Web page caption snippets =
▶
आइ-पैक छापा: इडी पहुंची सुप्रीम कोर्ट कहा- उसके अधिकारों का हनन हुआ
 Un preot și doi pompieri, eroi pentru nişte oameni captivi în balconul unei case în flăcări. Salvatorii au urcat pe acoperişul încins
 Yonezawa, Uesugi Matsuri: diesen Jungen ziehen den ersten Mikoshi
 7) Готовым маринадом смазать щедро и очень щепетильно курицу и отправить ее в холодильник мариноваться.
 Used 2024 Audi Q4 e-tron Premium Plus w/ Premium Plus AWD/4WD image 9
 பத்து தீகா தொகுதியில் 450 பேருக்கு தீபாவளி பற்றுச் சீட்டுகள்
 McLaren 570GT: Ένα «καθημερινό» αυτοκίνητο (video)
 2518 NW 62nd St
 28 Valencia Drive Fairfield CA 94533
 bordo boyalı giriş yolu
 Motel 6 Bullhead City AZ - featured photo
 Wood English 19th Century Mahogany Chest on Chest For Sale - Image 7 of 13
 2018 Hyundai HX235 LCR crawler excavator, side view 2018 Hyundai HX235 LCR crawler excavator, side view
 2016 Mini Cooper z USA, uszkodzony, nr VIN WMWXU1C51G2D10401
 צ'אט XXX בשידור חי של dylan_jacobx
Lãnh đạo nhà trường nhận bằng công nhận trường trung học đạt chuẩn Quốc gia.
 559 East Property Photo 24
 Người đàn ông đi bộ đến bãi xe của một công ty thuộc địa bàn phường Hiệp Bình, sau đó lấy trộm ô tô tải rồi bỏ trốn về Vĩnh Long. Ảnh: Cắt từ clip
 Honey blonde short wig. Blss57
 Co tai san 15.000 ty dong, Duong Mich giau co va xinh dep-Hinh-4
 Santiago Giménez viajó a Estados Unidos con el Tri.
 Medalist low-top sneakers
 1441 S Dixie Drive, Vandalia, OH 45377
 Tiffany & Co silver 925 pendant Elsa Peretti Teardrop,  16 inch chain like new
◀
Exercise description =
Output every record without changing any wording.

Output of the exercise =
आइ-पैक छापा: इडी पहुंची सुप्रीम कोर्ट कहा- उसके अधिकारों का हनन हुआ
 Un preot și doi pompieri, eroi pentru nişte oameni captivi în balconul unei case în flăcări. Salvatorii au urcat pe acoperişul încins
 Yonezawa, Uesugi Matsuri: diesen Jungen ziehen den ersten Mikoshi
 7) Готовым маринадом смазать щедро и очень щепетильно курицу и отправить ее в холодильник мариноваться.
 Used 2024 Audi Q4 e-tron Premium Plus w/ Premium Plus AWD/4WD image 9
 பத்து தீகா தொகுதியில் 450 பேருக்கு தீபாவளி பற்றுச் சீட்டுகள்
 McLaren 570GT: Ένα «καθημερινό» αυτοκίνητο (video)
 2518 NW 62nd St
 28 Valencia Drive Fairfield CA 94533
 bordo boyalı giriş yolu
 Motel 6 Bullhead City AZ - featured photo
 Wood English 19th Century Mahogany Chest on Chest For Sale - Image 7 of 13
 2018 Hyundai HX235 LCR crawler excavator, side view 2018 Hyundai HX235 LCR crawler excavator, side view
 2016 Mini Cooper z USA, uszkodzony, nr VIN WMWXU1C51G2D10401
 צ'אט XXX בשידור חי של dylan_jacobx
Lãnh đạo nhà trường nhận bằng công nhận trường trung học đạt chuẩn Quốc gia.
 559 East Property Photo 24
 Người đàn ông đi bộ đến bãi xe của một công ty thuộc địa bàn phường Hiệp Bình, sau đó lấy trộm ô tô tải rồi bỏ trốn về Vĩnh Long. Ảnh: Cắt từ clip
 Honey blonde short wig. Blss57
 Co tai san 15.000 ty dong, Duong Mich giau co va xinh dep-Hinh-4
 Santiago Giménez viajó a Estados Unidos con el Tri.
 Medalist low-top sneakers
 1441 S Dixie Drive, Vandalia, OH 45377
 Tiffany & Co silver 925 pendant Elsa Peretti Teardrop,  16 inch chain like new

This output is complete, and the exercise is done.